I have assembled paired-end reads (illumina strand-specific) using trinity with some different settings, and then merged these assemblies and done some filtering. I now want to assemble the un-mapped reads (pairs that do not map concordantly), and I therefore mapped the reads to the assembly using bowtie2/2.2.9.
This was the command:
(bowtie2 -p 16 --un-conc-gz all_unmapped_R%.fq.gz --no-unal -k 20 -x merged3_may2018_corset.fasta -q -1 all_R1.fq -2 all_R2.fq | samtools view -@16 -Sb -o merged3_may2018_corset_bowtie2.bam) 3>&1 1>&2 2>&3 | tee merged3_may2018_corset.align_stats
Which gave the following statistics:
954299926 reads; of these: 954299926 (100.00%) were paired; of these: **211582978** (22.17%) aligned concordantly 0 times 185228876 (19.41%) aligned concordantly exactly 1 time 557488072 (58.42%) aligned concordantly >1 times ---- 211582978 pairs aligned concordantly 0 times; of these: 11851194 (5.60%) aligned discordantly 1 time ---- 199731784 pairs aligned 0 times concordantly or discordantly; of these: 399463568 mates make up the pairs; of these: 196662163 (49.23%) aligned 0 times 48139061 (12.05%) aligned exactly 1 time 154662344 (38.72%) aligned >1 times 89.70% overall alignment rate
Based on this, I thought there were 211,582,978 read pairs that did not align concordantly, and that these pairs would be separated into an R1 and an R2 file, thus with 211,582,978 reads in each.

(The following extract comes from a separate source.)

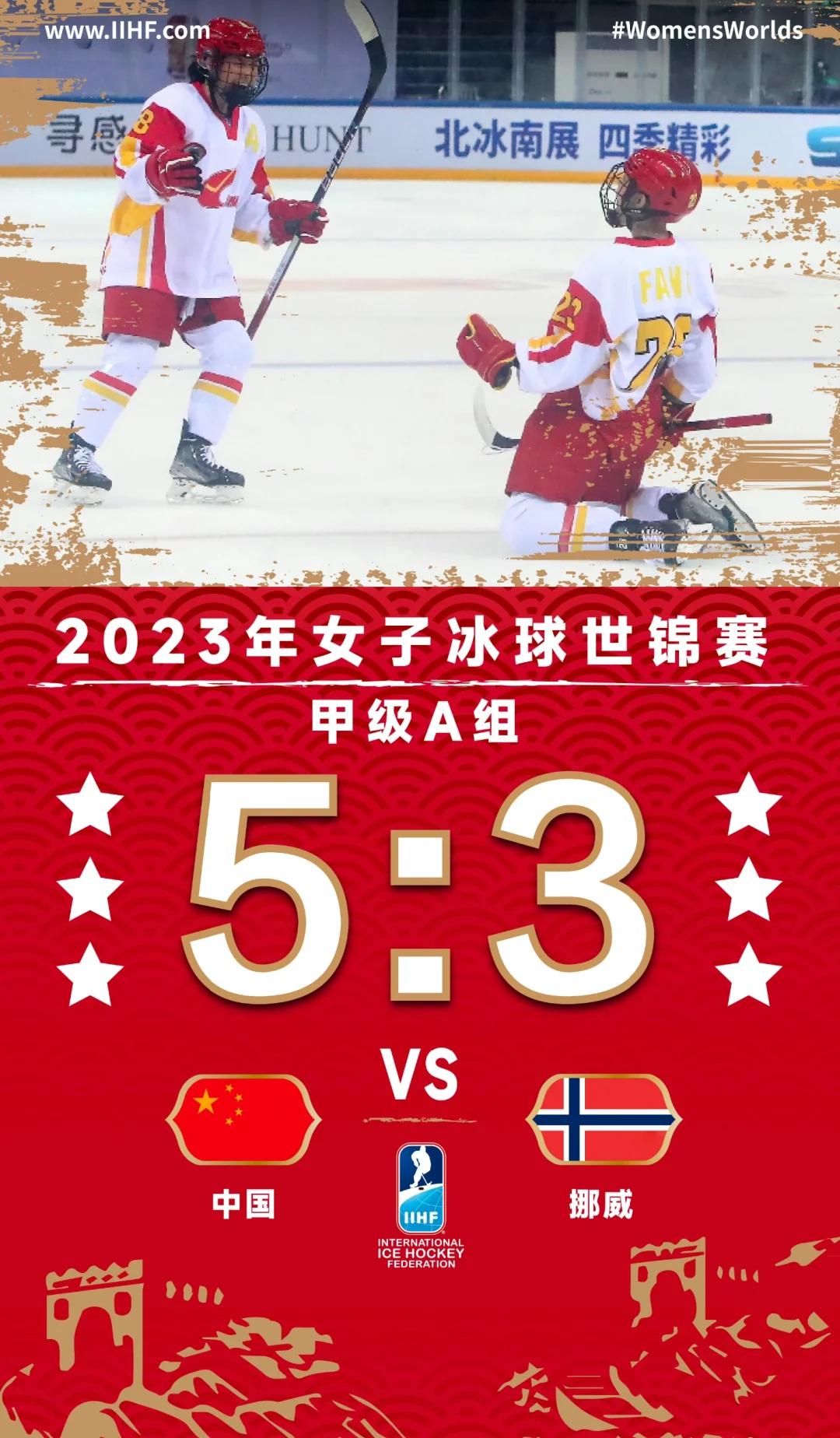 挪威女足比赛实现胜利，晋级半决赛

However, when counting the lines in the files and dividing by four, I get that there are 620,381,610 reads in R1 and 620,027,677 in R2...
So not only are there three times more un-mapped reads than I thought, and they have not been output as proper pairs :-/
Obviously, it makes no sense to assemble these un-mapped reads when they constitute 2/3 of all the reads...
Does anyone have any idea why there is this discrepancy? And how do I solve it?